At times in this House, we take jabs at each other. We are feisty. We are here to represent our electors the best way we know how. Often, partisan politics gets in the way. I tell everyone that QP is really just for TV, because behind the scenes, we work very collaboratively together. On this point, I would like to thank my hon. colleague from Louis-Hébert for his work in helping steward this through to this point. He has been a great source of knowledge and has worked very diligently and honestly with us on this.

This is a non-partisan issue, as we see, and often it is with much paranoia that we enter into some of these discussions, but today we did a good thing, I hope.

I want to thank my friends from the NDP for the work they have done. I want to thank the health committee and my colleagues here who have helped get us to this point.

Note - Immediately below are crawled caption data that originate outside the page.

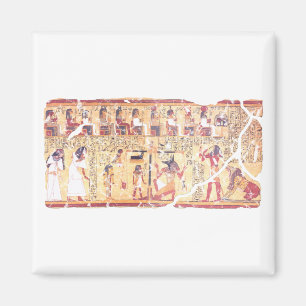 Ancient Egyptian Book of the Dead Weighing the Hea Magnet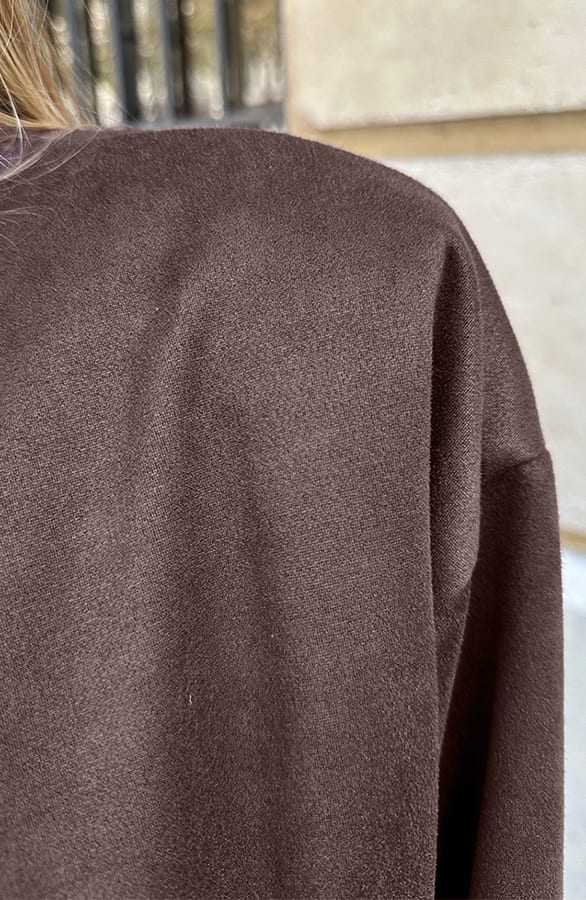 Suede Bomber Jacket Linsey Choco – jassen — foto 9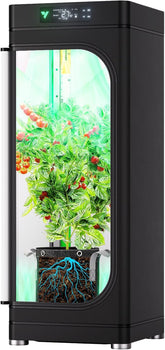 VGrow All-in-One Smart Grow Box, Professional System with Samsung LM301H EVO Grow Lamp, Advanced Circulation and Ventilation System, Irrigation, Nutrient Supply for Indoor Hydroponics
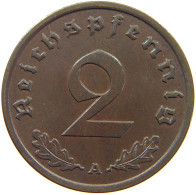 GERMANY 2 PFENNIG 1939 A TOP #a075 0451 - 2 Reichspfennig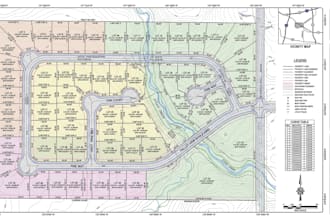 create professional land subdivision maps and parcel maps using autocad and gis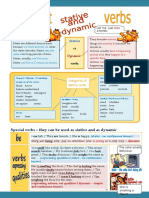 Stative: Special Verbs - They Can Be Used As Stative and As Dynamic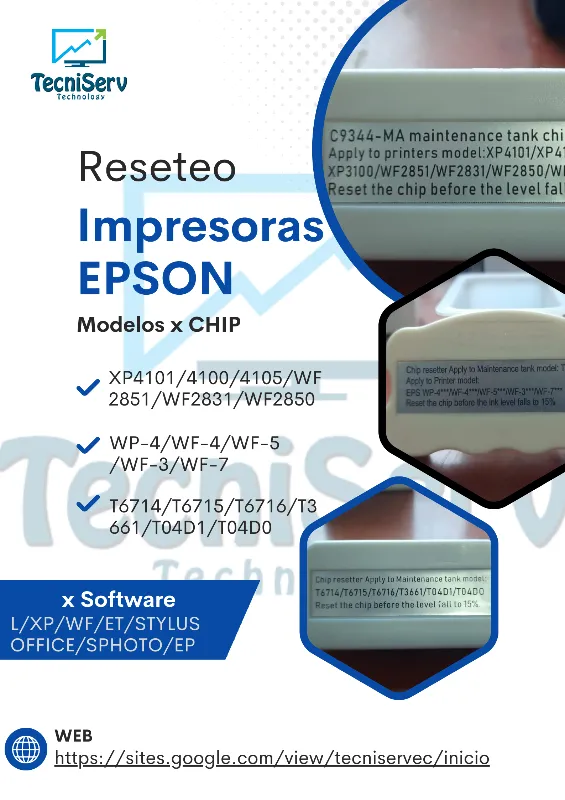 RESETEO DE IMPRESORAS EPSON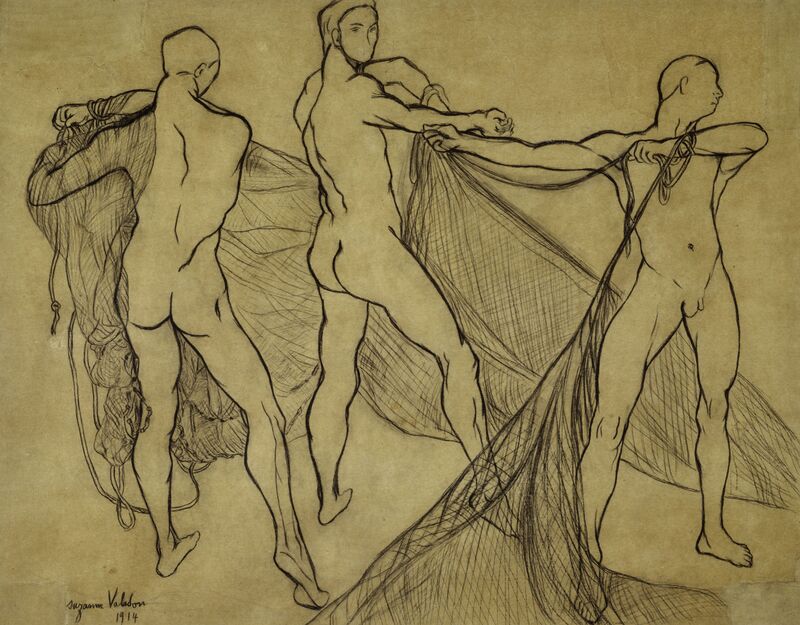 Suzanne VALADON Etude pour le lancement du filet, 1914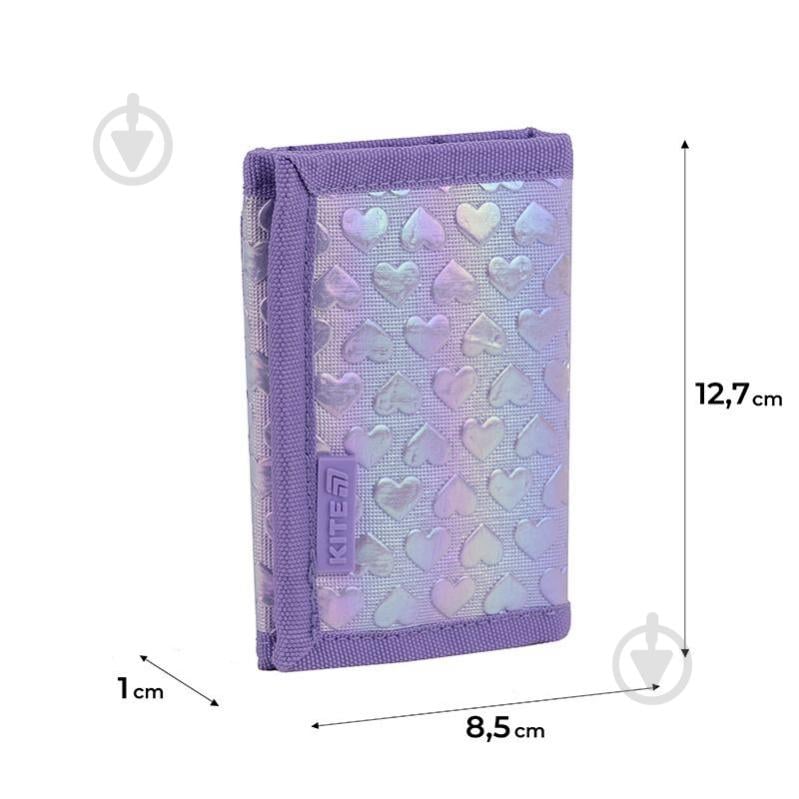 Кошелек KITE Awesome K25-598-2 фиолетовый - фото 2 Кошелек KITE Awesome K25-598-2 фиолетовый - фото 2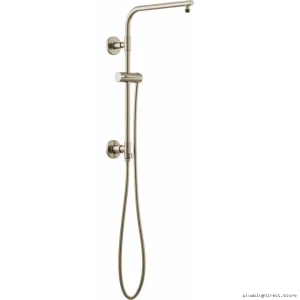 Modern Euro Round Shower Column with Brushed Nickel Finish - Brizo 80092-BN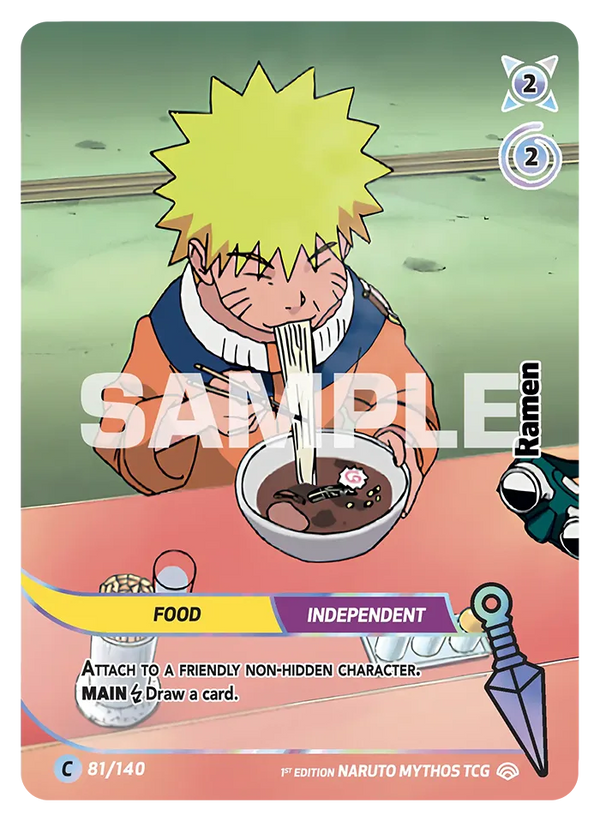 081/140 - Ramen — Carte Naruto Mythos Shinobi Shiren - Set 2 Éd.1 081/140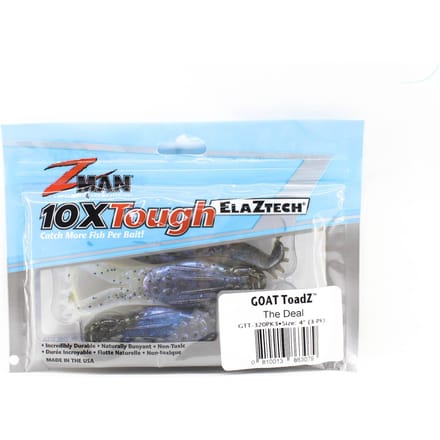 Zman Zacht kunstaas Geit ToadZ 4 Inch 3/Pack De deal (3079) white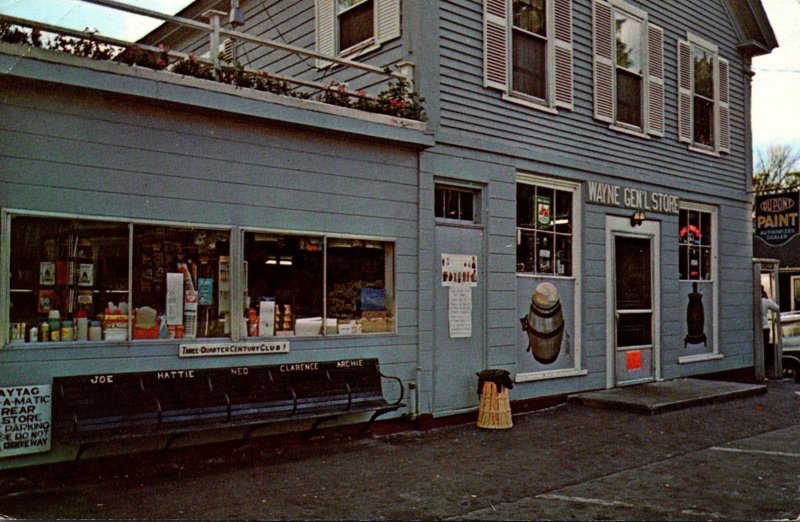 Maine Wayne The Wayne General Store 1972
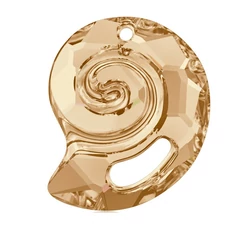 Sea Snail Pendant- Swarovski medál- Golden Shadow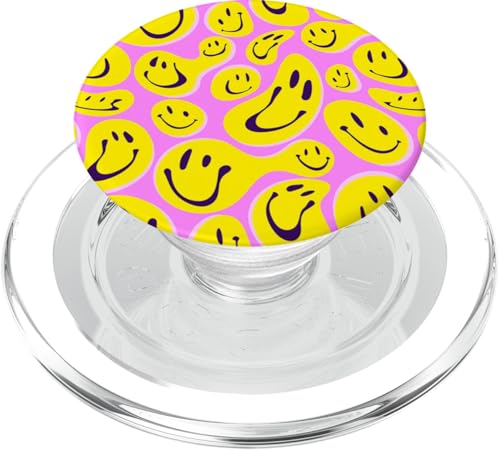 Smiley rosa PopSockets PopGrip für MagSafe Smiley rosa PopSockets PopGrip für MagSafe von It's Art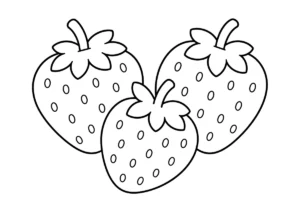 いちごの塗り絵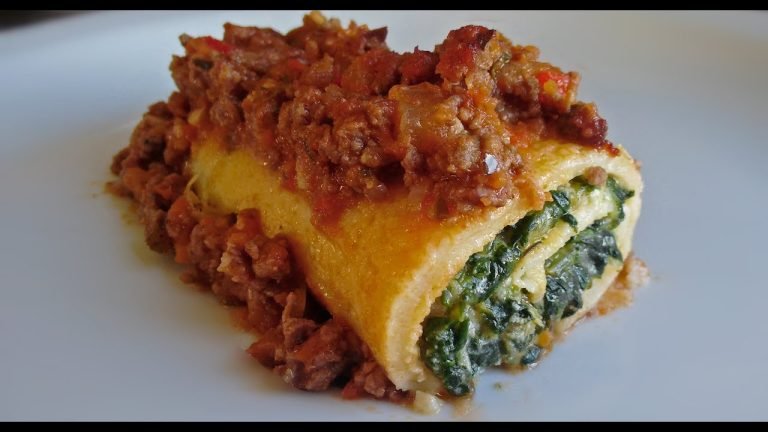 Receta de Canelones de ricota y acelga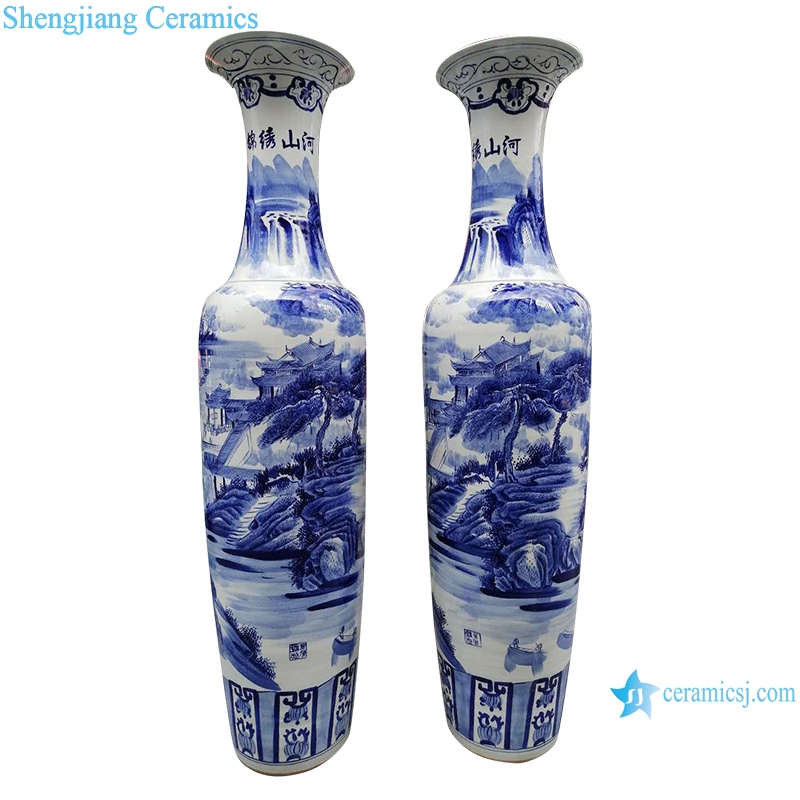 Chinese antique cracked glaze jinxiushan Hetu ceramic vase 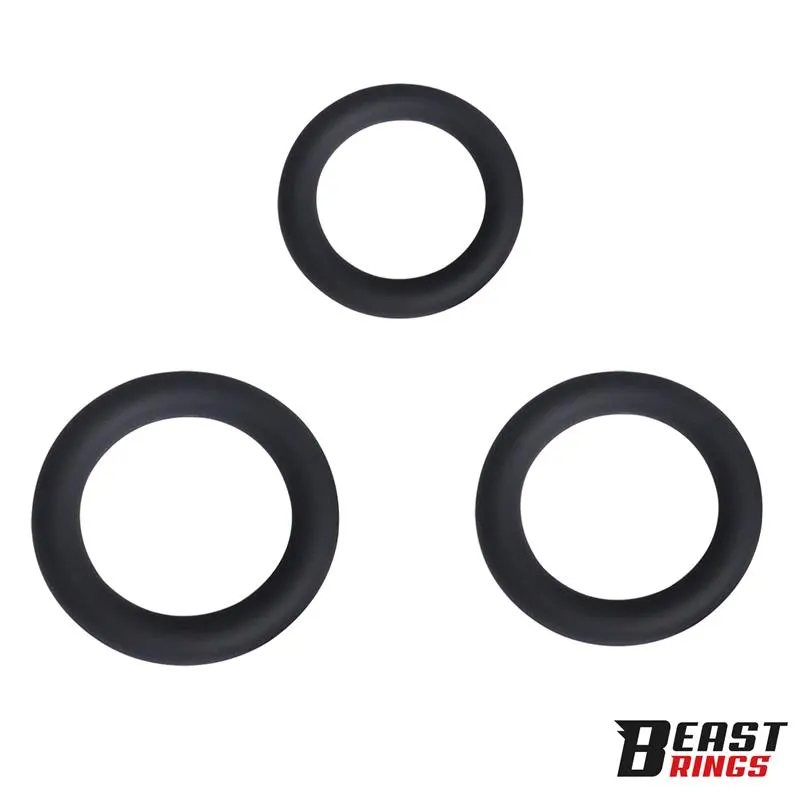 Set de 3 Anillos para el Pene S, M y L · BEAST RINGS · BEAST RINGS · Anillos para el Pene — Foto 3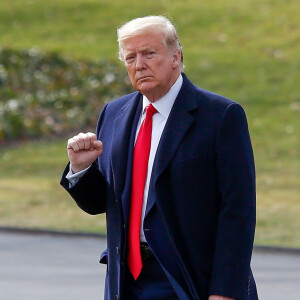 Donald J. Trump quitte la Maison Blanche à Washington DC, le 30 janvier 2020.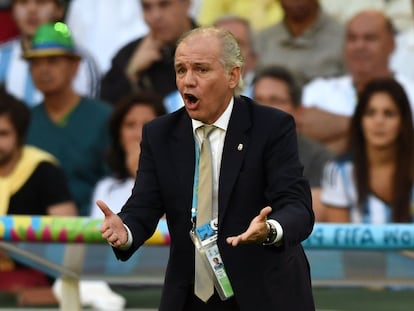 Alejandro Sabella, durante la final del Mundial de Brasil 2014.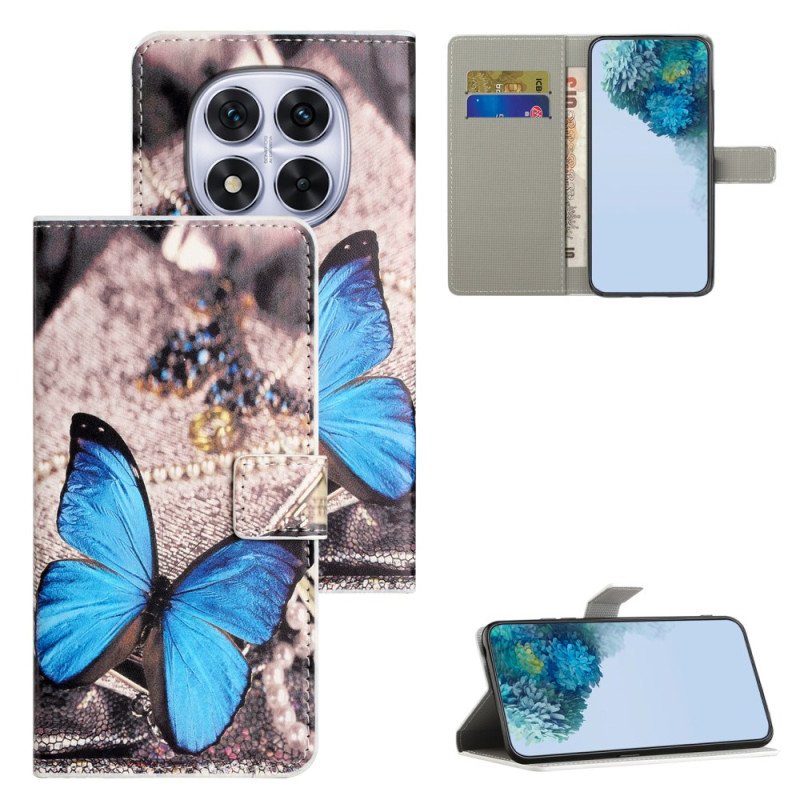 Fodral Xiaomi Redmi Note 15 Pro Plus 5g Blå Fjäril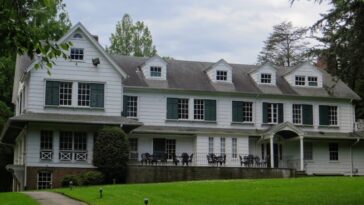 Munnysunk, summer home of Frank Bailey and his family. by Jkingny via Wikipedia cc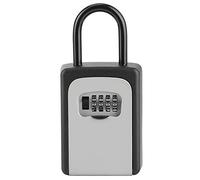 Chrees Key Lock Box Wall Mounted Durable Password Lock Box for Home Office Aluminum Alloy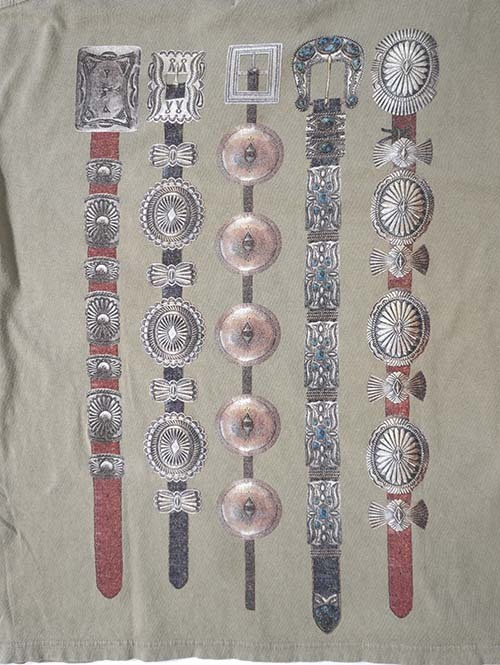 REMI RELIEF　HARD SP加工20/-天竺BIGサイズT(INDIAN BELT)-- K.Beige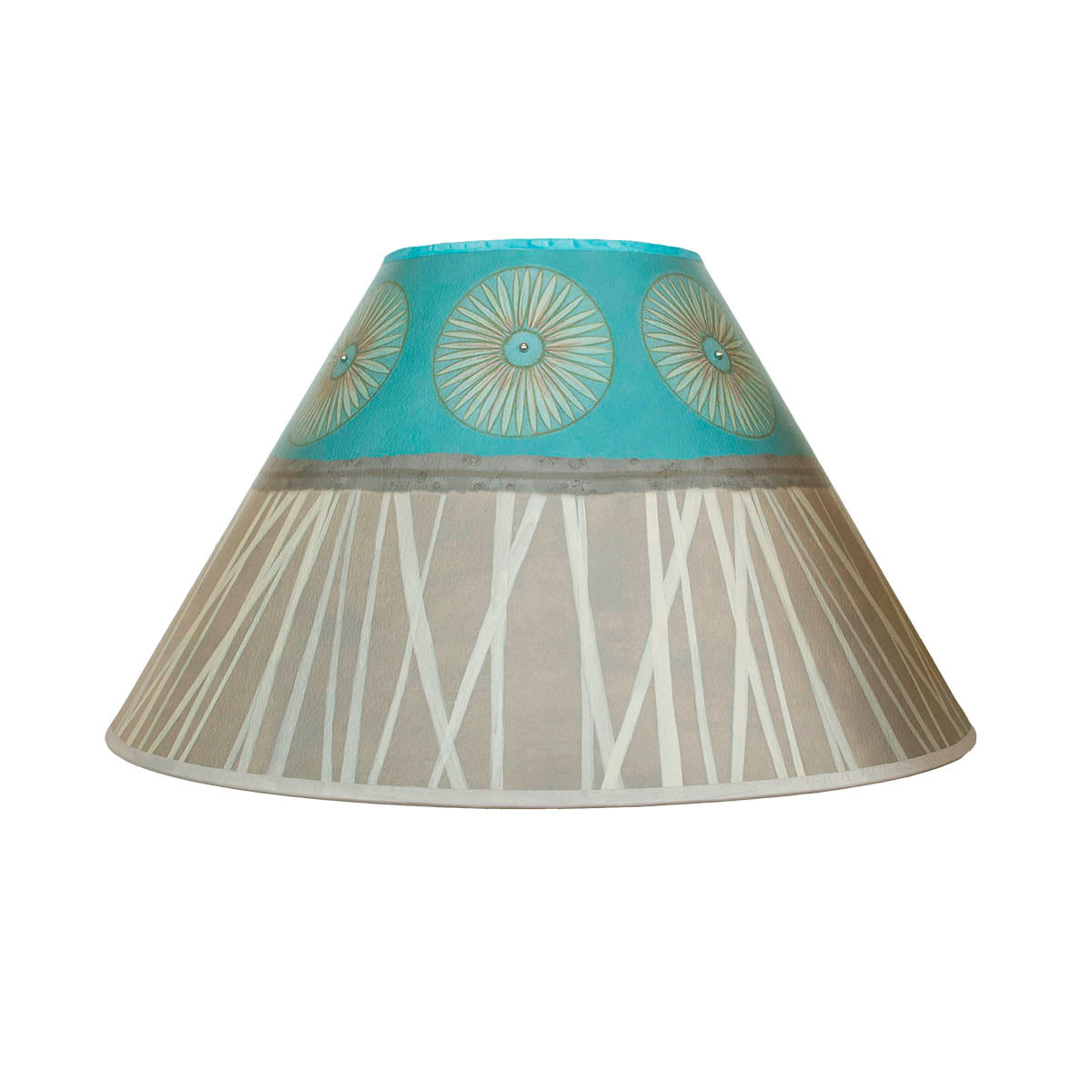 Janna Ugone & Co Lamp Shades Medium Conical Lamp Shade in Pool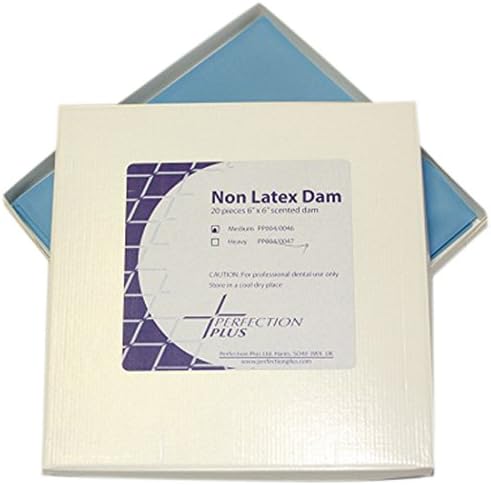 Perfection Plus MAT1001X Non-Latex Dam 6x6 Medium Strength Flexibility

I challenged us last Friday, as I stood in the House to recognize a fallen officer from the Peel paramedics and the three other first responders who passed away last week. We know now that we have had two more in the last 48 hours. I said that day that we must do better. Today I think we are there. There is a lot of work yet to be done, but today we are sending a message that those lives matter and that those who fight for us, we are fighting for them.

Federal Framework on Post-Traumatic Stress Disorder ActPrivate Members' Business

2:10 p.m.


The Deputy Speaker Conservative Bruce Stanton

The question is on the motion. Is it the pleasure of the House to adopt the motion?

Federal Framework on Post-Traumatic Stress Disorder ActPrivate Members' Business

2:10 p.m.

Some hon. members


Federal Framework on Post-Traumatic Stress Disorder ActPrivate Members' Business

2:10 p.m.


The Deputy Speaker Conservative Bruce Stanton

I declare the motion carried.

(Bill read the third time and passed)

It being 2:12 p.m, this House stands adjourned until Monday, June 19, 2017 at 11 a.m. pursuant to Standing Order 24(1).